Business Associations Outline
3 Policy Themes we will encounter:
1. What role should corporations play in society?
American society? Global Society?
What is the purpose and function of corporation and who makes the decisions?
Is there a better structure we should search for?
2. What role should democracy play in corporate governments?
Should we seek to make boards of directors more representative of society?
Should we seek to give groups (employees, community members, stakeholders) who are intimately affected by a boards’ decisions some oversight of board decisions?
3. What role should federalism play in the governance of corporations?

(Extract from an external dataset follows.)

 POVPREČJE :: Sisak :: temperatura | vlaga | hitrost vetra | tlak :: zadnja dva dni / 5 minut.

What is the role of state v. federal power over corporations? Why does Delaware have some much power, disproportionate to its power in the federal government?

1. Partnerships
a. General information
i. Uniform Partnership Act (UPA) – The UPA has been adopted by most states, so that the provisions governing partnerships are usually a part of state statutory law, rather than common law.
ii. Revised uniform partnership act (RUPA) – adopted in 1994 and applies to all partnerships formed after its adoption in any given state.

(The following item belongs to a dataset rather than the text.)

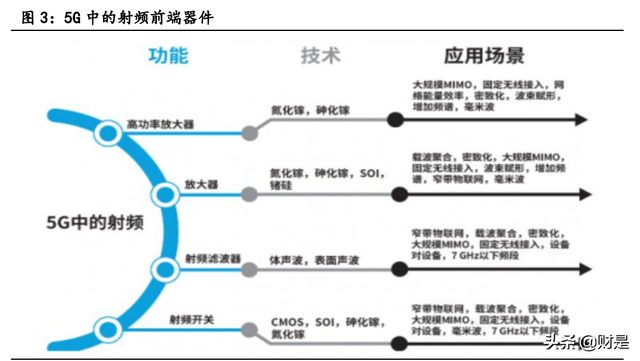 射频芯片龙头卓胜微深度研究报告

1. Tries to make explicit what was left implicit in the older law.
2. Makes explicit that the provisions of the act are default rules, not mandatory rules….only applies where the parties have not created a contract that alters the rules.
3. Expressly states that a partnership is an entity, thus simplifying many partnership rules such as those on property ownership and litigation.
b. Formation
i. Hypo: A wants to start a restaurant business and needs capital.

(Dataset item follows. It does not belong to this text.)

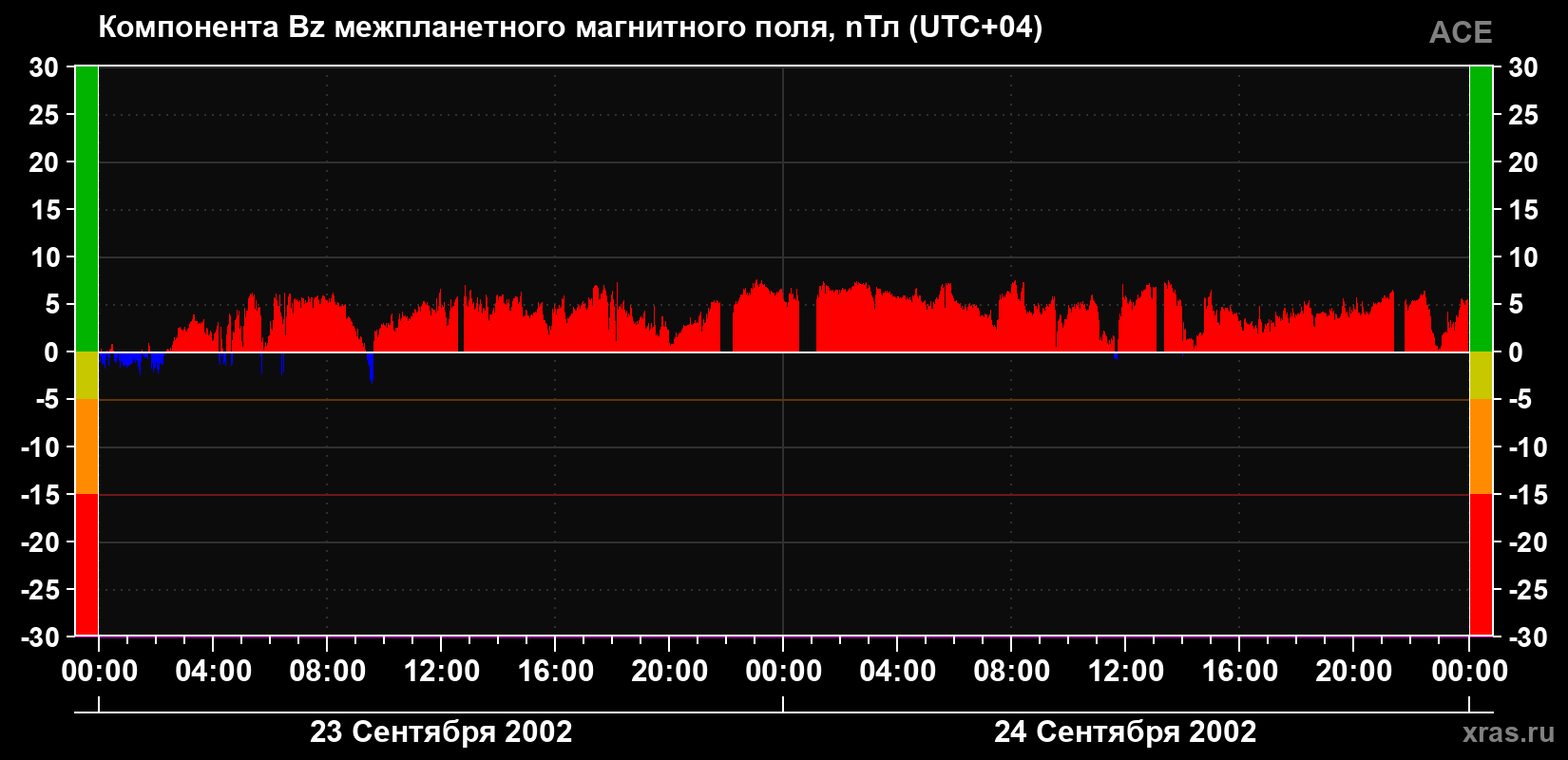 Компонента Bz магнитного поля солнечного ветра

1. First option is to borrow money from Bank in the form of a business loan. Low market risk. Bank will examine credit, collateral, and nature of the business. May be unwilling to lend to a start-up and will ask A to come back once it has acquired its own capital. Even if Bank is willing to lend, Bank will default on the loan if A misses an interest payment. A risks losing his business over a small payment.
2. Second option is to look for an individual investor, F, probably a relative, friend, or business acquaintance. On the one hand, A could structure this borrowing like a bank loan. Just like Bank, this eliminates F’s market exposure. However, this also prevents F from gaining any potential gain if the venture succeeds.
3. On the other hand, F may want to take on profits. In almost all situations, loss-sharing will accompany profit-sharing. Now, F will be concerned with A’s conduct; will make sure that the business is run properly, taxes paid, regulations met, etc. Also, conscious of own exposure to a suit of the partnership.
ii. Each state either uses UPA or RUPA
1. UPA 6(1)(1914) – A partnership is an association of two or more persons to carry on as co-owners a business for profit. All five elements must be met:
a. [(1) voluntary agreement to associate (don’t need a contract, subjective intent is not relevant] b. of two or more persons [(2) at least two “persons” ] c. to carry on as Co-owners[ (5) profit-sharing and joint control] d. a business [(3) must be a business, not just an investment] e. for profit [(4) anticipation of profit] – doesn’t actually have to make money.
2. RUPA 202(a) (1994, 1997) – “The association of two or ,more persons to carry on as co-owners a business for profit forms a partnership, whether or not the persons intend to form a partnership.” (Don’t need a contract or subjective intent).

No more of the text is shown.